Lecture 2: Attention Flashcards
• The Meaning of “Attention”
Brain’s ability to self-regulate input from the environment (a lot of sensory experience which we are not processing, we select and prioritise)
two types of attentions
- Sustained Attention (Alertness)
> Related to psychological arousal (continuum from drowsy, inattentive to alert, attentive)
> Problem of vigilance: performance declines over a long watch (radar operators, quality control inspectors, etc.)
II. Selective Attention (this subject)
> Limited in the number of stimuli we can process
> Attend to one stimulus at the expense of others
> People as limited capacity systems: don’t treat all stimuli equally
What is the Cocktail Party Problem?
- How do we follow a conversation in a crowded environment?
- Can “pick out” one conversation from background while excluding others
- “Picking out:” processes take sound energy at ear, translate to understanding
- Translation is selective (stimuli not all treated equally - not just loudness or volume based)
What did Cherry study? How?
what happens to unattended messages?
Dichotic Listening - Two passage of continuous speech to each ear using stereo
Shadowing - repeating the passage out loud as it occurs to ensure that people are attending to the attended channel
What were Cherry’s findings?
- Shadow Message 1, then ask about contents of Message 2
- Unattended Channel: No memory for unattended message
Did people process anything of the unattended channel in Cherry’s studies?
- NO
- Switch from English to German
- YES
- Switch from male to female
- Switch from voice to 400 cps pure tone
- Something queer
- Reversed speech
What happends to unattended message?
> Only superficial (physical) features perceived - (things distinguishing voice, non-voice, or male, female)
> Semantic content not analysed (language, meaning)
What can cognitive processes be divided into?
Preattentive processes
> run off automatically, stimulas dirven, sensory physical features processed preattentively (regardless of whether we are attending or not)
Focal attention (required for meaning)
• How did Cherry study how We Select the Attended Message? (how do we solve the cocktail party problem?)
- by using Binaural presentation (Cherry): both ears receive both messages, same voice, differ only in content
- Requires a shadowing task
- Very difficult!
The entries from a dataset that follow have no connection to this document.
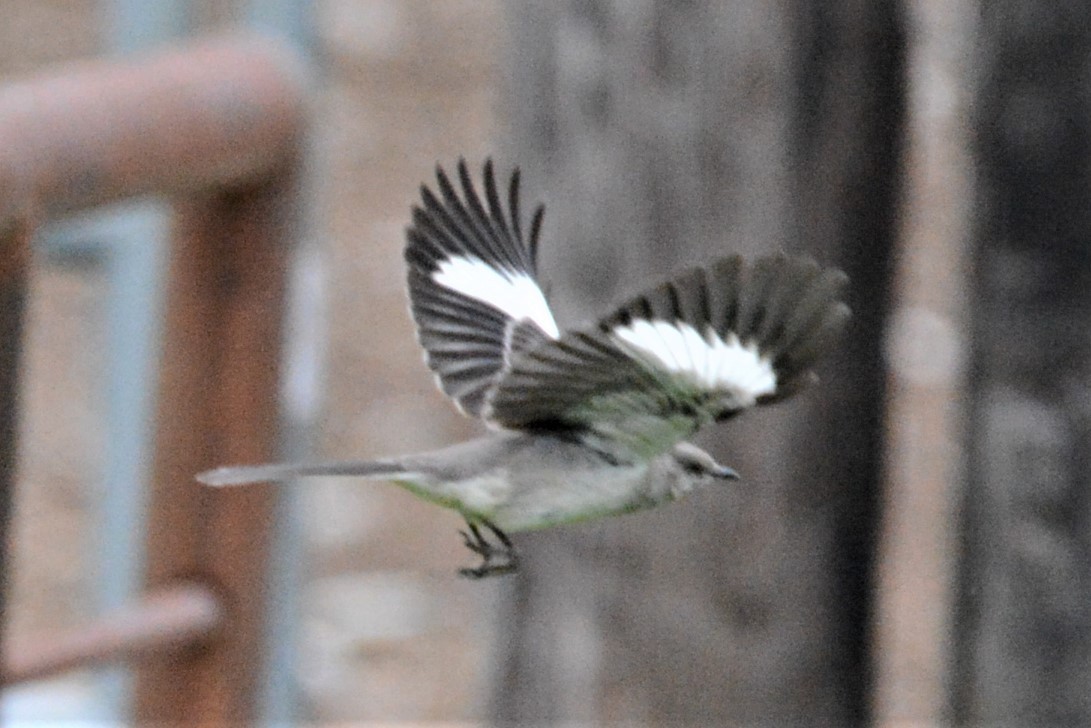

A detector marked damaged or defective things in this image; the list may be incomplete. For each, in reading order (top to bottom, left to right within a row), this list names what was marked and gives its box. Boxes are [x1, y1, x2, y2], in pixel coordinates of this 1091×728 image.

rusty metal bar [0, 32, 304, 228]
rusty metal bar [0, 215, 32, 664]
rusty metal bar [0, 580, 223, 684]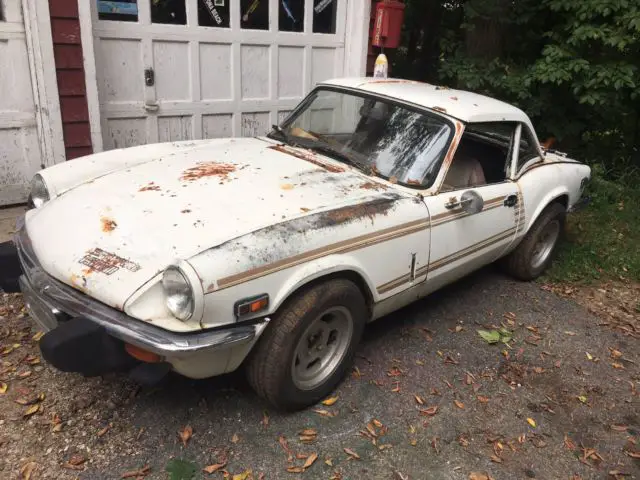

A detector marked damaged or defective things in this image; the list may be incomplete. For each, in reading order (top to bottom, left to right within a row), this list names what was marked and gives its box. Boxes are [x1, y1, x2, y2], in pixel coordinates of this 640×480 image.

rust spot [180, 163, 238, 182]
rust spot [268, 145, 344, 173]
rusty hood [27, 137, 404, 310]
rust spot [320, 199, 396, 229]
rust spot [78, 249, 140, 276]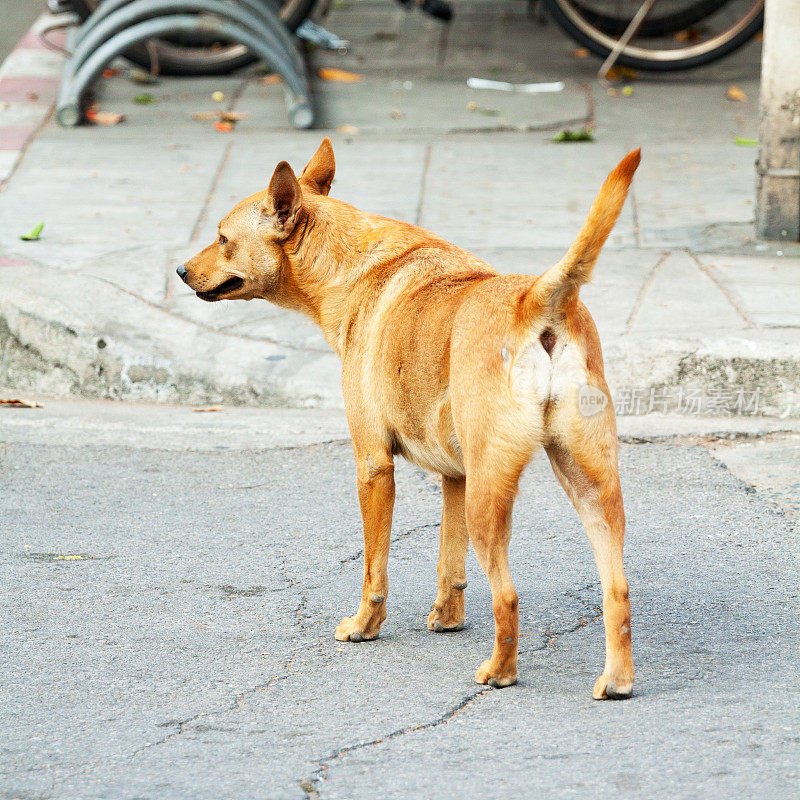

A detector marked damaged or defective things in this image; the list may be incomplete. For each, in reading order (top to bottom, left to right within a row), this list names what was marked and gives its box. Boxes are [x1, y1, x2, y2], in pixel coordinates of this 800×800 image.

Requires shadowing for ~20 trials to be become reasonably accurate at the message
- lose - the ability to locate the sound in space (by using phase differences in arrival times at ear)
- therefore - conclusion - we select an attended message by locating the sound in space or distinguishing features (such as male vs female voice)
what are Criticism of Cherry?
- Interested in what’s perceived, Cherry looked at what’s remembered
- Confounds perception and memory
- May be perceived then forgotten?
explain the filter theory by Broadbent 1958.
- Attention acts as a filter to select stimuli for futher processing
- Meaning from sound is extracted in limited capacity channel
- Filter precedes channel, protects it from overload
- All stimuli stored briefly in short term store (STS) - in between senses and selective filter
What is the short term store?
> Raw acoustic trace, decays quickly if not selected
> similar to echoic memory
Why did Broadbent agrue that the short term store is critical to the operation of the filter?
Split-span expirment
People recall more digits if they do it ear-by-ear rather than temporally because the STS memory trace is trasient and decays quickly (<.5s) and switches in filter takes time - Ear-by-ear recall needs 1 filter switch, 5 switches needed to follow temporal order (STS trace decays)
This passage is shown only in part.